▸ **INSTRUCTIONS TO FOLLOW**: Return the lines below exactly, from the first line to the line that contains "JewelryPalace 0.3ct bracciale". Leave out pictures.

::: INFORMATION PROVIDED :::

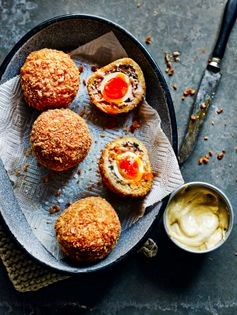 Chicken, lemongrass & thyme Scotch eggs with mustard mayonnaise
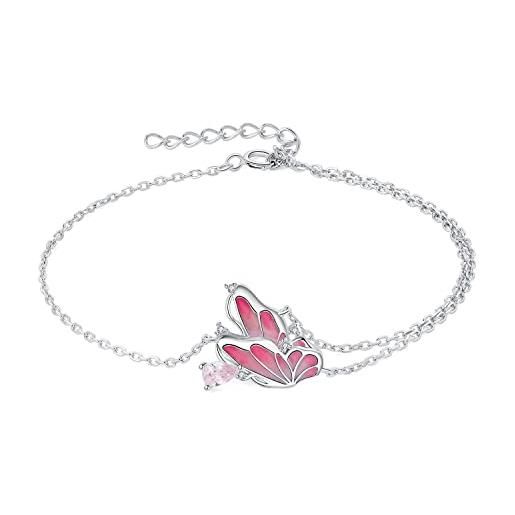 JewelryPalace 0.3ct bracciale donna farfalla argento 925 con cubica zirconia rosa, smaltato braccialetto ali donna con pietra a taglio pera, regolabile bracciale catena anniversario set gioielli donna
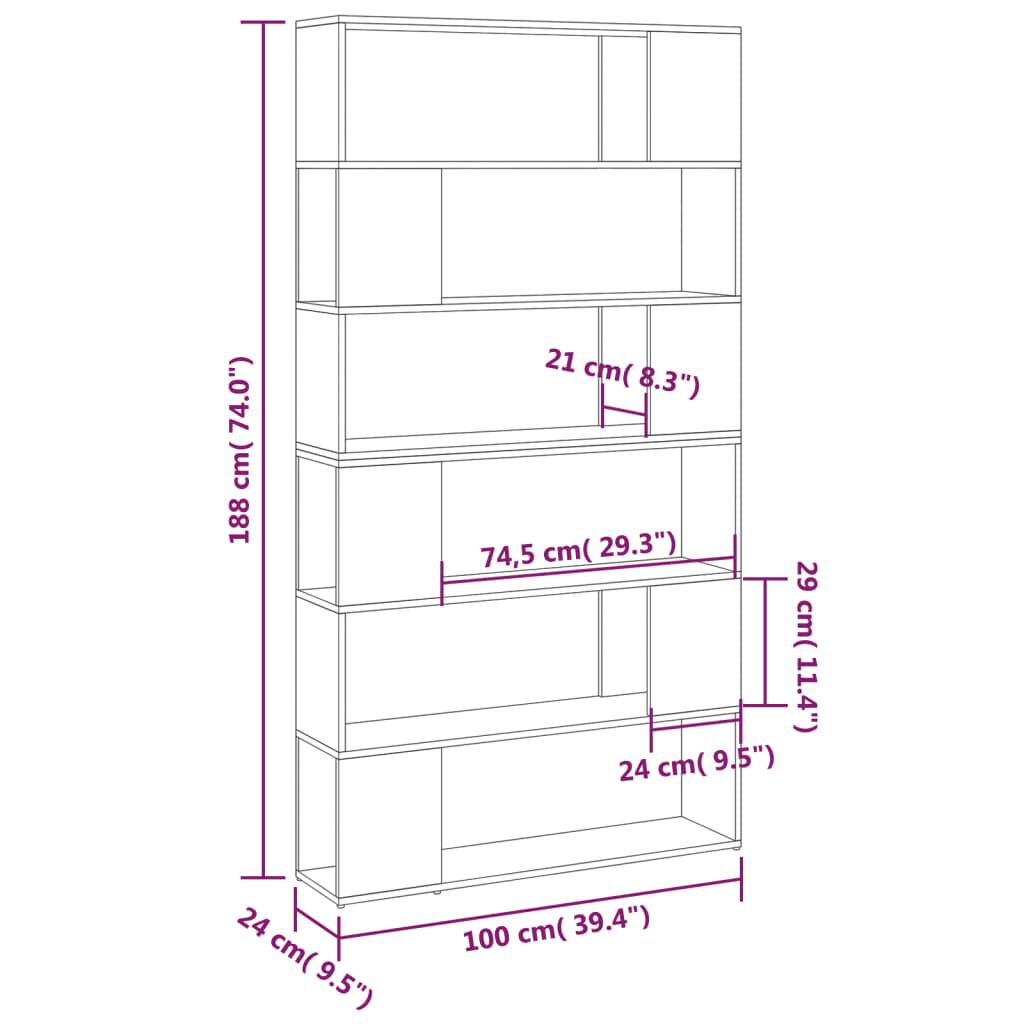 vidaXL Βιβλιοθήκη/Διαχωριστικό Χώρου Λευκό 100 x 24 x 188 εκ.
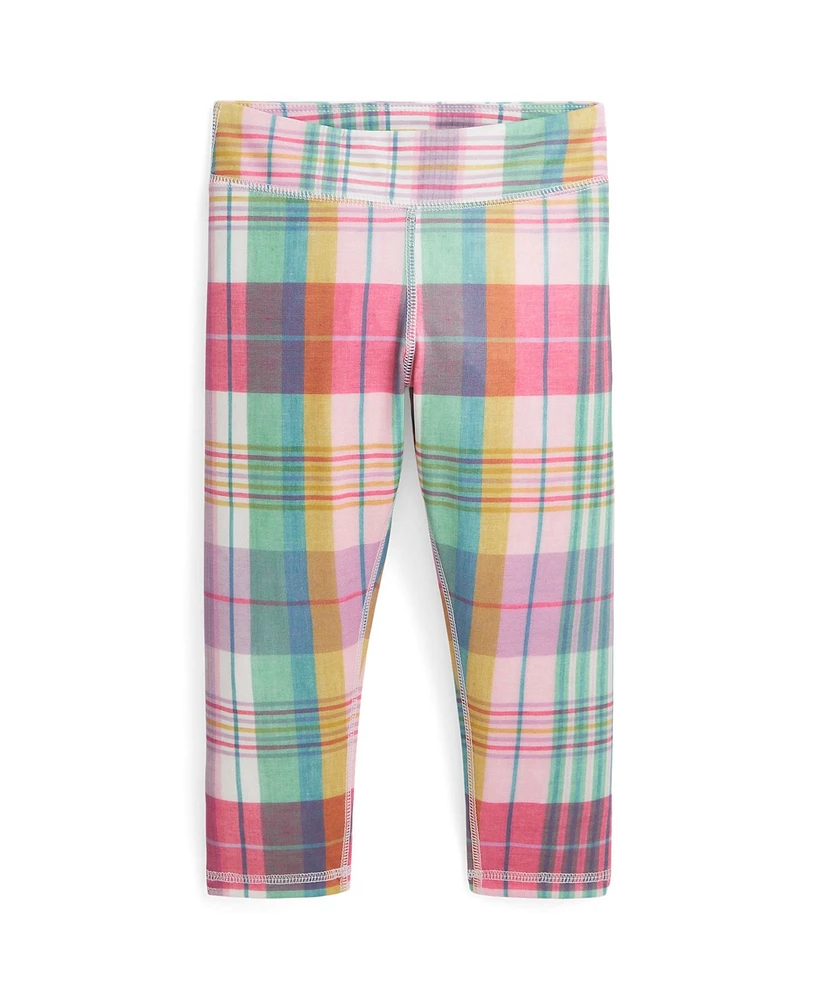 Polo Ralph Lauren Toddler and Little Girls Madras-Print Performance Crop Leggings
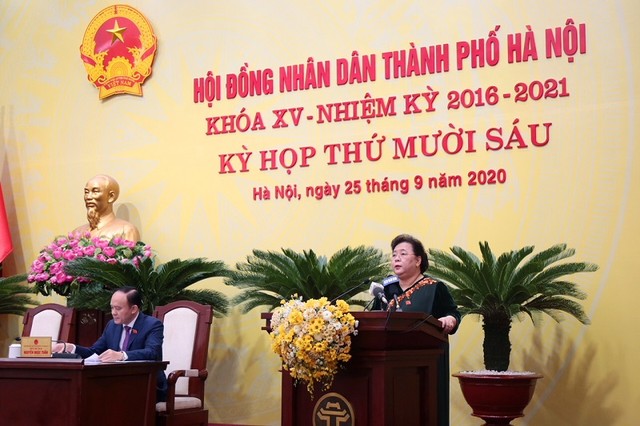 Bà Nguyễn Thị Bích Ngọc - Chủ tịch HĐND TP Hà Nội .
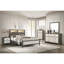 Commode 6 tiroirs bicolore grise et beige 1pc avec poignées en métal pour un rangement pratique au chevet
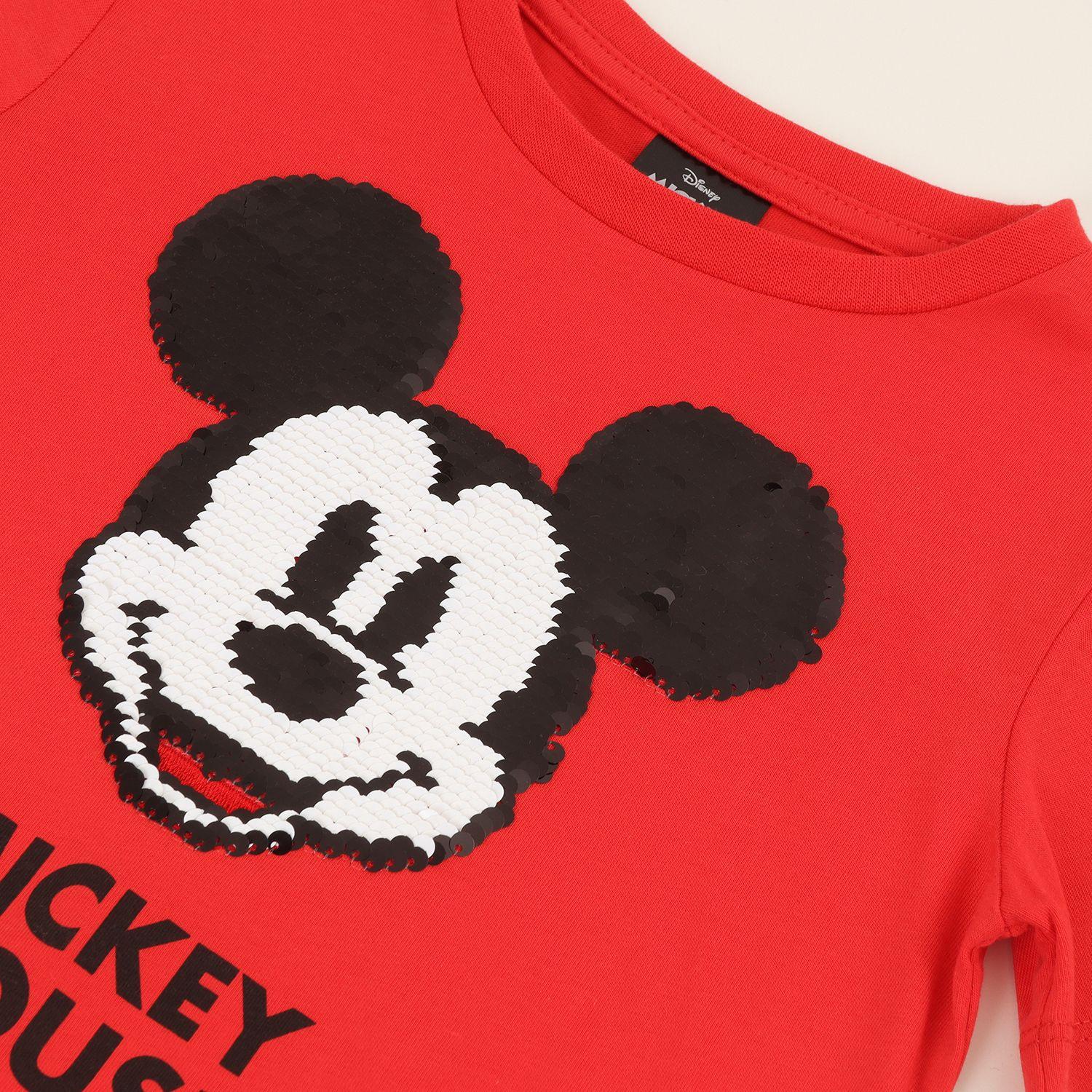 Polera Manga Corta Niño Mickey Lentejuelas Rojo Disney-2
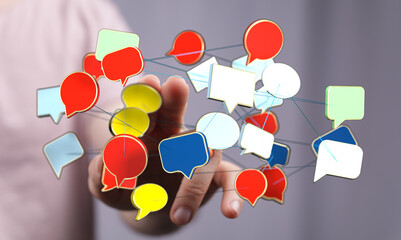 Conceptual image showing social media network and communication over finger touches, message sending concept with network connection background.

:::

▸ **PROBLEM SOLUTION**:
 Chicken, lemongrass & thyme Scotch eggs with mustard mayonnaise
 JewelryPalace 0.3ct bracciale donna farfalla argento 925 con cubica zirconia rosa, smaltato braccialetto ali donna con pietra a taglio pera, regolabile bracciale catena anniversario set gioielli donna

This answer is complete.